L’entourage du président "confiant"

Autant d’éléments qui poussent aujourd’hui le parquet de Lyon, compétent depuis le dessaisissement de Florent Crouhy et du parquet de Gap en 2019, à renvoyer Jean-Marie Bernard devant le tribunal. Aujourd’hui, l’élu n’est plus à la tête du Centre de Gestion des Hautes-Alpes.

Battu en 2020 aux élections municipales à Dévoluy, il a laissé sa place à Marcel Cannat qui a immédiatement mis fin à la co-direction en nommant un directeur. Alexandra Butel, elle, s’est mise en disponibilité au sein de la structure, c’est-à-dire qu’elle reste fonctionnaire mais ne touche plus de salaire.

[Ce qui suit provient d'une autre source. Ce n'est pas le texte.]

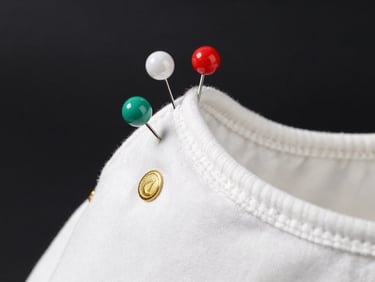 Macro shot of colorful decorative pins being attached to a premium kids babuche, playful yet elegant setting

Selon nos informations, plusieurs élus du Centre de Gestion ont été mis dans la confidence pour se préparer à un procès médiatique à la fin de l’année. Une réunion portant exclusivement sur ce sujet s’est d’ailleurs tenue à la fin du mois de juillet. Le Centre de Gestion pourrait se porter partie civile dans ce dossier.

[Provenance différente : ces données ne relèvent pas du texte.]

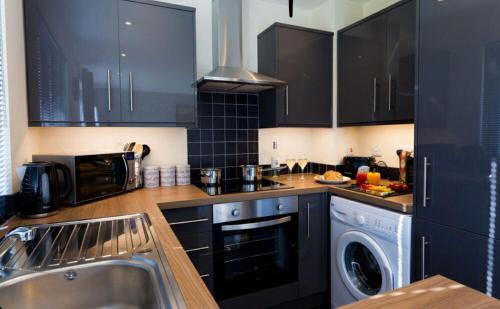 a kitchen with black cabinets and a sink and a dishwasher at Valley Lodge in Trearddur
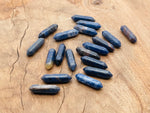 Sodalite terminated carved point gemstone from GemstoneGO, 33mm, showing deep blue and white veined patterns.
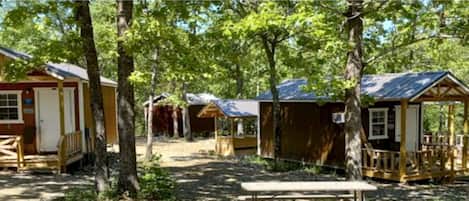A row of wooden cabins with porches, surrounded by trees.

Contacté directement, Jean-Marie Bernard n’a souhaité faire aucun autre commentaire que celui de son avocat. Pas plus qu’Alexandra Butel. "Pour l’instant, il n’y a aucune convocation même si l’affaire est 'enrôlée' pour le 4 décembre. Ce que nous craignons, ce sont les gros titres dans la presse et le battage médiatique car sur le fond, nous sommes confiants", confie un intime du président du Conseil départemental des Hautes-Alpes. Et de conclure: "Ce procès sera politique. Les magistrats savent qu’il y a un gros poisson au bout, alors, ils y vont. Nous répondrons présents."